NEIGHBORHOODS AND DISTRICTS
The cost of living in Fairbanks is lower than that of most other cities in Alaska, although it is still higher than the national average. There are several districts within the city of Fairbanks:
- City Center: This urban downtown district is pedestrian-friendly, and there are many apartment complexes located here. The majority of the people living in the area are upper-middle-class renters.
- College: Located immediately to the east of the University of Alaska-Fairbanks, this suburban district is home mostly to families with children.
- Ester/Fox: This extremely large district is located in the remote regions of northern Fairbanks. Many of the residents are government employees.
- George Parks Highway/Trinidad Drive: Located to the south of the university, this upscale area is home to many students and government employees.
- Hamilton Acres: Largely inhabited by families with children, this urban district is sophisticated. The area is pedestrian-friendly, and home values are average for Fairbanks.
- Musk Ox/Dogpatch: This district is huge and comprises the northeastern area of the city. The residents living here are upper middle class and highly educated. Homes in this area are generally costlier than those in surrounding areas. This suburban area consists of smaller single-family homes.
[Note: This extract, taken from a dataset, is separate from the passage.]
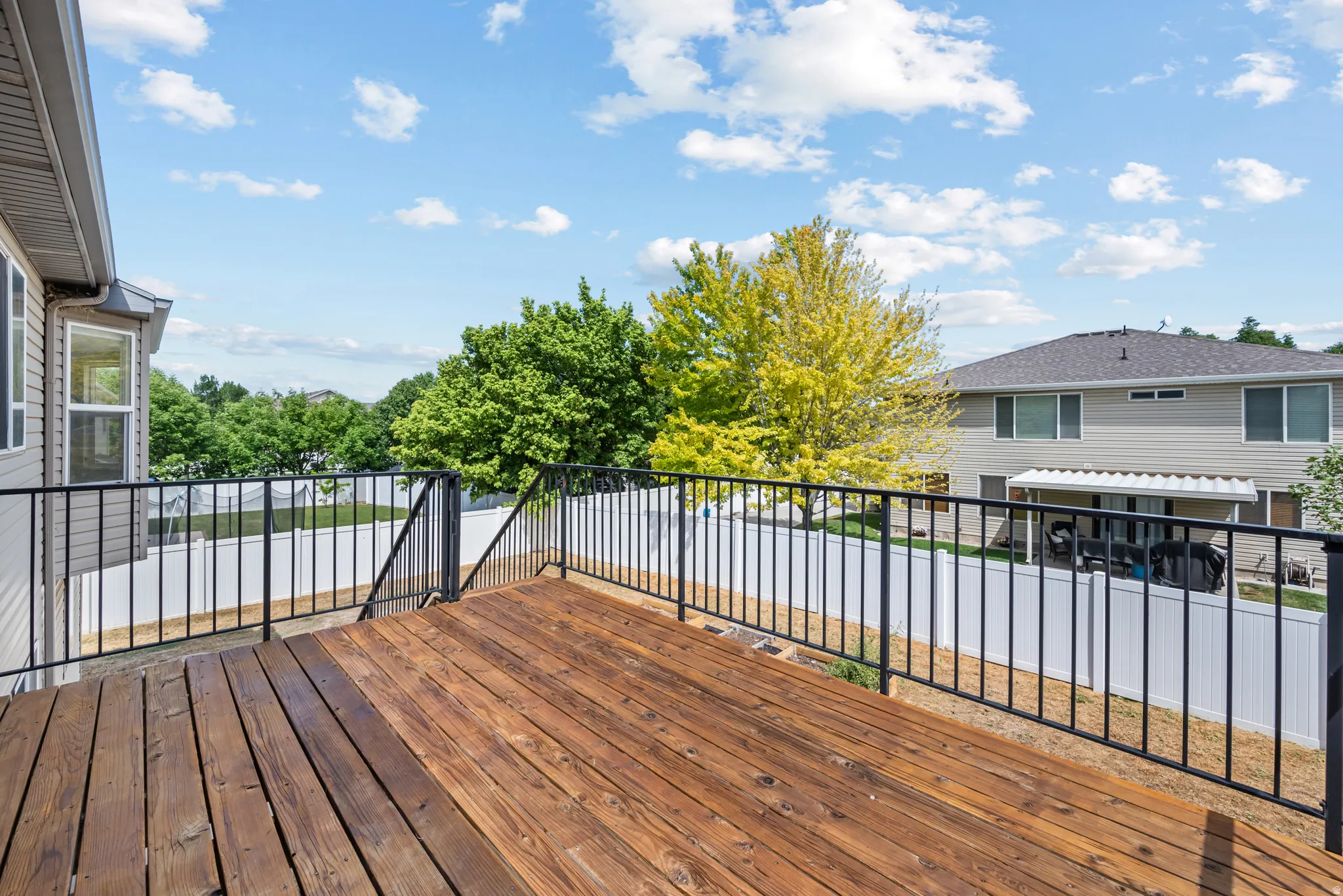 Expansive outdoor deck with rich wood-finish flooring and black metal railings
- Westgate: Considered a "funky" area, Westgate is made up of younger residents. Home prices in this suburban area are average.
The majority of Fairbanks' recreational activities revolve around its natural landscape:
- Skiing: Three prominent ski resorts in the area offer downhill skiing, cross-country skiing, snowboarding, and other winter activities: Moose Mountain, SkiLand, and Birch Hill.
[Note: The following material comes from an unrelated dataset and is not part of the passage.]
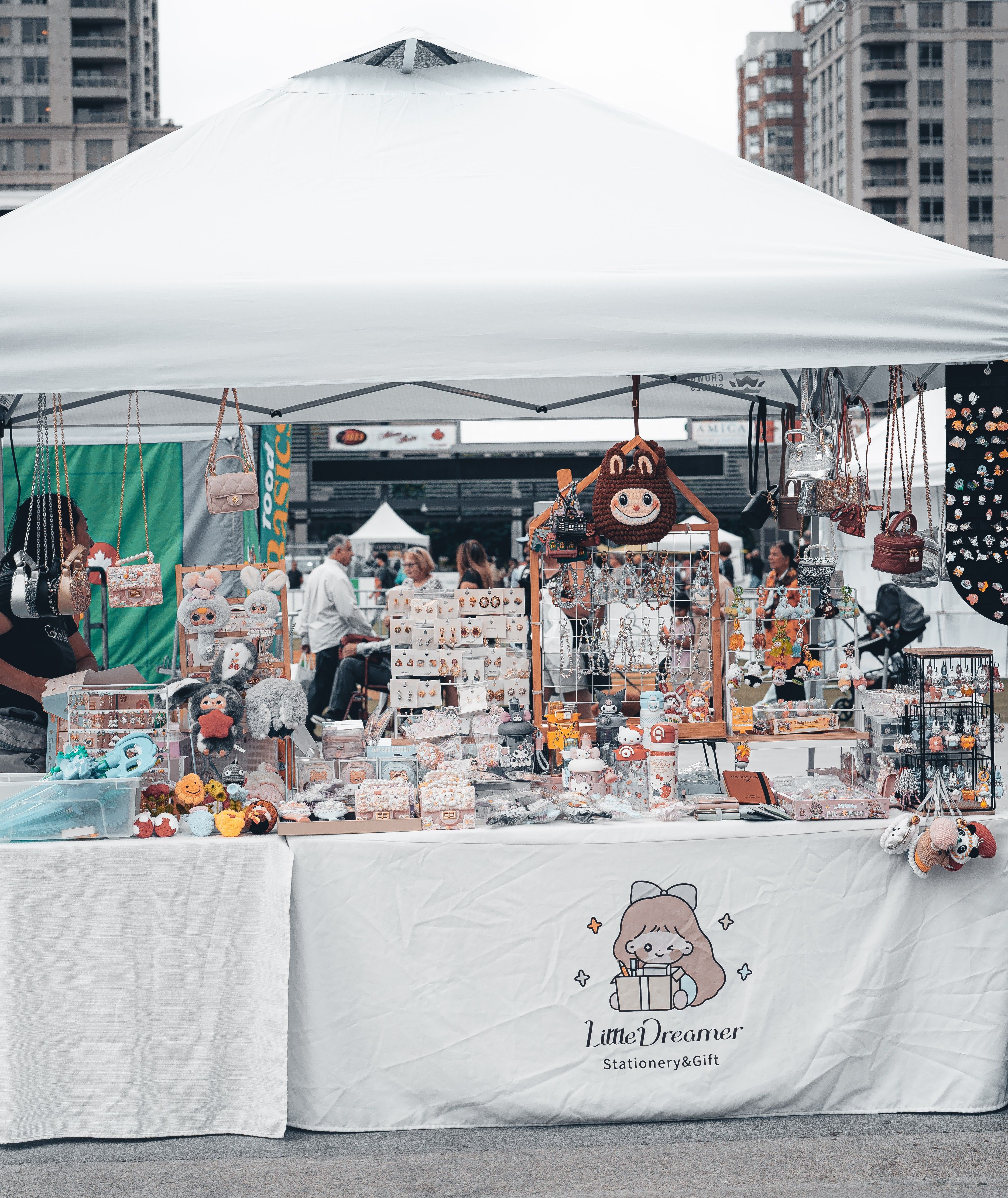 Vibrant Outdoor Street Market Festival Booth Display · Free Stock Photo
- Dog Mushing: Several dog-sledding tours across the winter landscape are offered in the Fairbanks area, including tours offered by Sun Dog Express.
- Alaskaland: Formerly known as Pioneer Park, this theme park emphasizes Alaska's history. There are restaurants, shops, exhibits, recreational facilities, and picnic areas. Historic homes have been moved here for visitors to see. Events are held here on a regular basis, including festivals, music shows, sporting events, carnivals, mushing races, art shows, and classes.
- Midnight Sun Celebration: Because Alaska is so far north, it experiences very long days in the summer and very long nights in the winter. Around the time of the summer solstice (the third week in June), a phenomenon known at the "midnight sun" takes place. Festivities and special events take place during this time, all at night and all lit by the sun.
The Fairbanks area has several post-secondary schools:
- University of Alaska-Fairbanks (public four-year school)
- New Concepts Beauty School (private vocational program)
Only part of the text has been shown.